ユニークな機能を取り上げておくと、ボイスレコーダーアプリに「ASMRレコーディング」なる機能が搭載されています。実際に使う人がどれだけさておき、細かな調整ができる録音アプリがプリインストールされているというのは何か役立つ場面があるかもしれません。

そして、手書きメモアプリの「Qメモ+」も特徴的な機能です。日本で発売された「LG Q Stylus」にプリインストールされているものとほぼ同じで、日本語化も済んでいます。ちなみに、Velvetにはいつでもすぐに手書きメモを取れる「画面OFFメモ」という設定もあります。

本体内にペンを収納できるわけではないのが弱点ですが、Wacom AES規格の各種ペンを利用できます。ノートPCに付属する「LG gram 14」に付属するペンが推奨されているほか、入手性を考えるとWacom純正の「Bamboo Ink」やXPSシリーズの2in1モデル用に販売されている「Dellプレミアム・アクティブ・ペン」あたりが良さそうですね。


2画面での使い勝手は……すみません、まだ「Dual Screen Case」を購入していないので、また機会があれば別の記事で紹介したいと思います。
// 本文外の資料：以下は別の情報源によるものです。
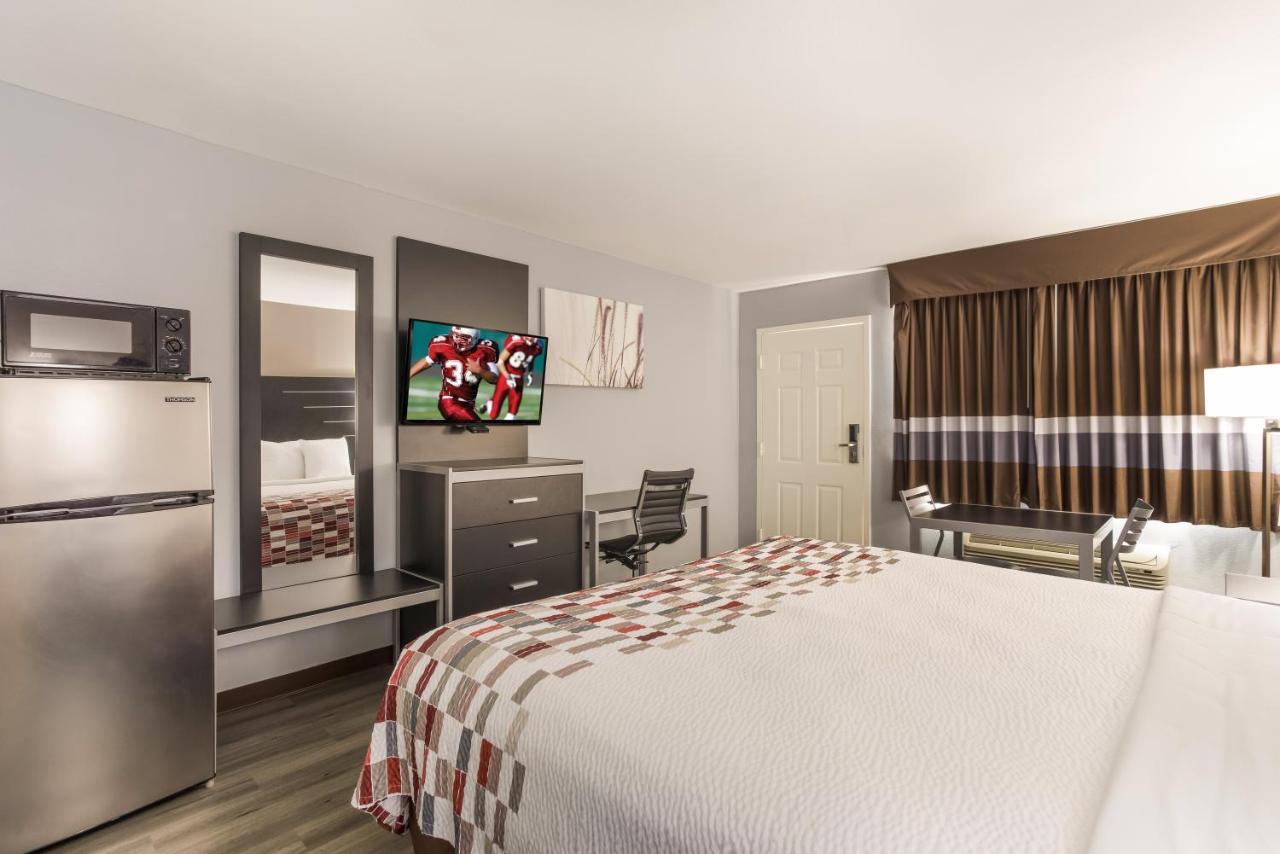 Red Roof Inn & Suites Athens, Al Eksteriør bilde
G8X ThinQやV60 ThinQと違って2画面ケースは別売り、しかも約3万円となかなか値が張るのです。

プリインストールされているデュアルスクリーン関連アプリのバージョンなどを見る限り、2画面利用時の挙動は基本的にV60 ThinQ(あるいはAndroid 10アップデート後のG8 ThinQ)と同様と思われます。G8X ThinQの時点で2画面を繋げての利用に制限があったり、サブ画面ではIMEを変えられなかったりと色々クセがありましたが、現行仕様なら使ってみても良いかなと思っています。


ちなみにデュアルスクリーン関係で、個人的に発表以来ずっと疑問に思っていたことがあります。「サブ画面でも本体と同様にWacom AESペンを使えるのか?」ということです。海外のレビューでも全然言及されていなかったんですよね(レビュー自体が少ない上、フルセットで揃えている人はなかなか……)。
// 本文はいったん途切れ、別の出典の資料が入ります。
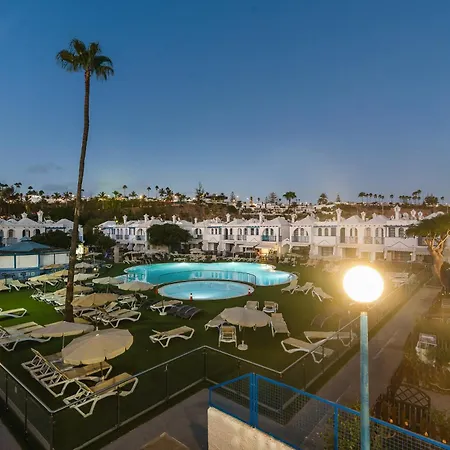 Duplex Poolside بلايا ديل إنغلز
ところが、8月5日付けの公式記事(英文)を見るとしれっと言及されているではありませんか。

“QMemo+ and active pens work equally well on both the phone and the optional Dual Screen”とのことなので、どちらの画面でもしっかりペンを使えるようです。それならDual Screen Caseが少し高めなのも納得、買ってみようかなと興味が湧いてきました。

そういうの、もっとアピールすればいいのに……2画面でペン対応って、話題の「Surface Duo」ぐらいしかないのでは?ちゃんと売り込めばそれなりに武器になりそうな機能なのに、なんだか商売下手でもったいないなあと思います。

カメラ:クセのないチューニングがいい感じ


アウトカメラは約4800万画素(広角)+約800万画素(超広角)+約500万画素(深度)のトリプルカメラで、望遠はありません。インカメラは約1600万画素です。いくつか作例を用意したので、参考までにご覧ください。
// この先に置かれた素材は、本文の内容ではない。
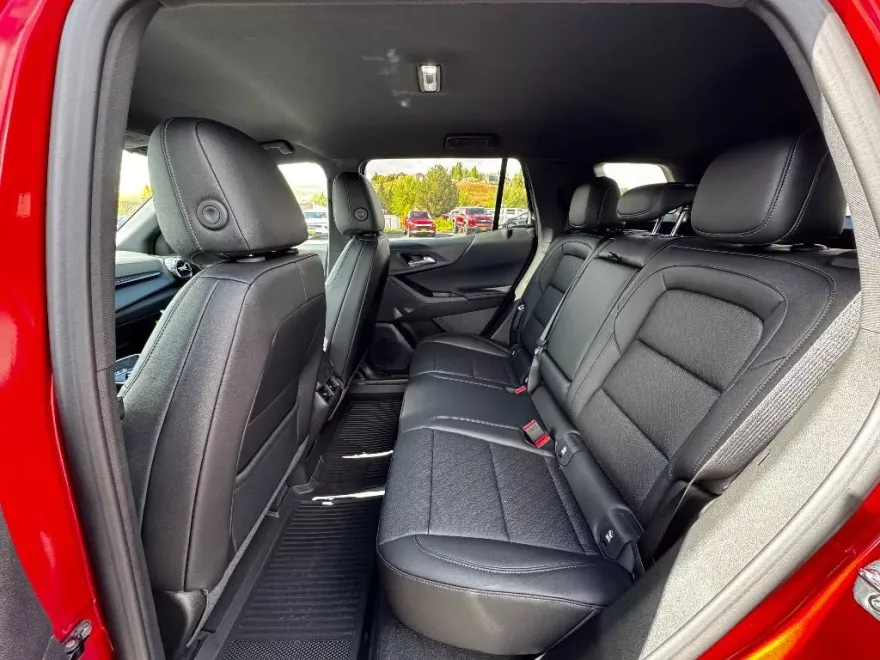 2026 Chevrolet Equinox LT photo 1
(※以下、作例はクリックして大きいサイズで見られます。サイトの仕様上、元サイズではありませんのでご了承ください)

盛りすぎず自然な色味に仕上がるのがいい感じ。画素サイズ0.8μmで4800万画素ということなのでセンサーサイズはおそらく1/2型、大きめのセンサーサイズなので寄って撮るとけっこうボケますね。迫力のある構図で気持ち良く撮れる超広角カメラの写りも良好です。

弱点を挙げるとすれば、暗所ではノイズが目立つ場面も多く、ハードウェアとしてのカメラ性能はそれほど高くないと思われます。チューニングでうまくごまかせている場面が多い、という感じですかね。

総評:コスパという評価軸からは離れた確かな上質さがある良機種


Snapdragon 765/765G搭載のミッドハイレンジ機で定価8万円(※韓国版の場合)、さらに独自機能の鍵を握るDual Screen Caseは別売りで3万円。スペック表や値札の数字でしか判断できないコストパフォーマンス至上主義の人々からすれば話にならない機種でしょう。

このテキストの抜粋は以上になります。